The issue which has swept down the centuries and which will have to be fought sooner or later is the people versus the banks. — Lord Acton
Part 1 explains the basic mechanics of fractional reserve banking in very simple terms with examples.
Part 2 answers “What is Money?” for the purposes of the discussion.
Part 3 illustrates how and why fractional reserve banking is fraudulent.
Part 4 shows how the system can fall apart, and two attacks that the banksters can use to steal wealth from people.
Part 5 examines usury and compound interest as forms of invisible slavery.
Part 6 is a quick summary with links to other resources.

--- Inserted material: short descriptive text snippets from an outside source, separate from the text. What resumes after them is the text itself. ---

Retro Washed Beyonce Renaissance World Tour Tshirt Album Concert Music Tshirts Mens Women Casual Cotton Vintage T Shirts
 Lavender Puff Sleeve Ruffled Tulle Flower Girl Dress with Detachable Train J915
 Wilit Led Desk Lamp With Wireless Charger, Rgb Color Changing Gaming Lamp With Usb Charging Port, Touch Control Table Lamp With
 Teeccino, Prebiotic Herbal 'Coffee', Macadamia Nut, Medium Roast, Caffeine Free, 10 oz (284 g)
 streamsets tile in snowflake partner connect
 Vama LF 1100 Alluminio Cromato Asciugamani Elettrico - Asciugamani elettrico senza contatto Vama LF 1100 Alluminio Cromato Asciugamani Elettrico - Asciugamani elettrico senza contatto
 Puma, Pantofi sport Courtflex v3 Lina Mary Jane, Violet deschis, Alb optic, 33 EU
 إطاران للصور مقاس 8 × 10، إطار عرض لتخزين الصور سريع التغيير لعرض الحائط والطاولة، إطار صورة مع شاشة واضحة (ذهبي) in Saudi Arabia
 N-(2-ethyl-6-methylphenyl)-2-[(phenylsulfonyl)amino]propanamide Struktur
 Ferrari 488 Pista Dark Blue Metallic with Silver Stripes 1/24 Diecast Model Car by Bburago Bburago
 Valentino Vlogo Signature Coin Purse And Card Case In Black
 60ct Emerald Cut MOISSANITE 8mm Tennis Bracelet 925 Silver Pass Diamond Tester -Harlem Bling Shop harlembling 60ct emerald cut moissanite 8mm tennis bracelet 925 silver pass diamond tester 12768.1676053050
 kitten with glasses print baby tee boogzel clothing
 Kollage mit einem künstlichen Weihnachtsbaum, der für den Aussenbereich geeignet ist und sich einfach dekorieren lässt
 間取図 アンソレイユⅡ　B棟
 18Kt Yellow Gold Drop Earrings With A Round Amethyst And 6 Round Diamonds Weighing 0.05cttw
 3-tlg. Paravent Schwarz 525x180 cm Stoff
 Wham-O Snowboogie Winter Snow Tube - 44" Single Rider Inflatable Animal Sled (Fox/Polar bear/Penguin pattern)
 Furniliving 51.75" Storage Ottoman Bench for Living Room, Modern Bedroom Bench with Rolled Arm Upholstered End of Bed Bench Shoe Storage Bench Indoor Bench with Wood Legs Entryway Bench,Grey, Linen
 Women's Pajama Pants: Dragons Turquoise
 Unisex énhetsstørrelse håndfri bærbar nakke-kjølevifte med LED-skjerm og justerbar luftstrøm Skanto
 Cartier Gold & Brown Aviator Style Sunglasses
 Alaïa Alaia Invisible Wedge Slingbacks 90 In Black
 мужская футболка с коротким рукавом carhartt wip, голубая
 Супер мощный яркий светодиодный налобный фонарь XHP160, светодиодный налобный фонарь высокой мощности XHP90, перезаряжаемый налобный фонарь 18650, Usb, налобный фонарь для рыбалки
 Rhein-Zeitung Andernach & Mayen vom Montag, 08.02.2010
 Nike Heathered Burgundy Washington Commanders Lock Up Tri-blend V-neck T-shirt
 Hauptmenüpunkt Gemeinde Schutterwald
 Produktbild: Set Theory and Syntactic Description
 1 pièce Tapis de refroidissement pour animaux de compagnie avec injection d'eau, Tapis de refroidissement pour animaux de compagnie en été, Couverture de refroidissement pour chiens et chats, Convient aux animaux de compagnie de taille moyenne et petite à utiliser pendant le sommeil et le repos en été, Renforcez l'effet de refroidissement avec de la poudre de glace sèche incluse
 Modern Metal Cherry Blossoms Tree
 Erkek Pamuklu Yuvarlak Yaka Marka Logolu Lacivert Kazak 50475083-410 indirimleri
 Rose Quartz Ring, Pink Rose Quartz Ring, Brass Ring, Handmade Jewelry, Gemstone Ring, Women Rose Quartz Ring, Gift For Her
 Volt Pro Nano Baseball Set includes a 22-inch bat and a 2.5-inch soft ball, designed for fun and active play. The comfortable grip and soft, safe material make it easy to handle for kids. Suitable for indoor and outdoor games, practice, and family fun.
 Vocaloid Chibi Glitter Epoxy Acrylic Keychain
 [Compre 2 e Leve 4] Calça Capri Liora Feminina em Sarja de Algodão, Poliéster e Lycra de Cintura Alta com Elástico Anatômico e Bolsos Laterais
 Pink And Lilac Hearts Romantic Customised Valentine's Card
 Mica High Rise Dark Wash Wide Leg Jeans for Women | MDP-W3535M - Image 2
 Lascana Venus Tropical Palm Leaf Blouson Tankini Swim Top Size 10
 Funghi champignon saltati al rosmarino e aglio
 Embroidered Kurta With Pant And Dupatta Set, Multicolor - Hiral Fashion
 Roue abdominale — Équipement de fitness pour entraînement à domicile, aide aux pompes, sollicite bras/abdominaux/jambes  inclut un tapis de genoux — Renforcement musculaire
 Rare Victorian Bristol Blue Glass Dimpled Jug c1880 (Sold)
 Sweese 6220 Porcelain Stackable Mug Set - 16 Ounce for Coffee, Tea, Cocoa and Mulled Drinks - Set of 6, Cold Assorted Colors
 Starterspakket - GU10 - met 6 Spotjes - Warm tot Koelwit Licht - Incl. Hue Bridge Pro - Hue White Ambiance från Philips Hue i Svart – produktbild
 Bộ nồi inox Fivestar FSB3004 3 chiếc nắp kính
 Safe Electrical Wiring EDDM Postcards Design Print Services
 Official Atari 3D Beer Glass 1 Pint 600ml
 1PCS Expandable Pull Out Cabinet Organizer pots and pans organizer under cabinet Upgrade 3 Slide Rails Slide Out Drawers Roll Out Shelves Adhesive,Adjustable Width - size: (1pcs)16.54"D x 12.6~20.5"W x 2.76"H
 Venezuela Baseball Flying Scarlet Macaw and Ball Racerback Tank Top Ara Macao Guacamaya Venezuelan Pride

Each part builds on the previous, so it is strongly recommended to read through in order. Even if you have a solid understanding of fractional reserve banking, there are a few new twists that I add to the traditional understanding of it that could be missed.
While fractional reserve banking mechanics are surprisingly simple, the implications of the system are not. Mechanically, fractional reserve banking depends on 3 factors:
- Initial deposit: The amount of the initial deposit.
- Reserve requirement: The fractional reserve requirement (also called ‘reserve requirement’, ‘cash reserve requirement’, or ‘reserve ratio’) is a number between 0 and 1.
- Iterations: The number of times that money is deposited or cycled through the system.
The initial deposit into the fractional reserve banking system comes from the government when they issue bonds and deliver them to the bank. These bonds are I.O.U.s from the government as a promise to pay the amount of the bond back with interest.
The reserve requirement is a number between 0 and 1, and sets the ratio of the amount of money that they bank can “print” to loan out. For example, if the reserve requirement is 0.1 (10%), and the bank receives $100 in government bonds, then the bank can loan out $100 × (1 − 0.1) = $100 × 0.9 = $90.
So the basic mathematics of the system are extremely simple. Stated in general:
Loan = Deposit × (1 − Reserve Requirement) e.g. $90 = $100 × (1 − 0.1)
Or, in terms of what the bank must keep in reserves, i.e. the amount of money that it cannot loan out: Reserve = Deposit × Reserve Requirement e.g. $10 = $100 × 0.1
But it doesn’t stop there. Once a loan is made, the person that receives the loaned money goes out and spends it to obtain some form of wealth in the real world. That could be a house, a car, a guitar, groceries, a meal at a restaurant, or anything that can be purchased. The seller of the product or service then takes that money, goes back to the bank, and deposits it. That deposit is then subject to the same reserve requirement with the remainder being made available for the bank to loan out again.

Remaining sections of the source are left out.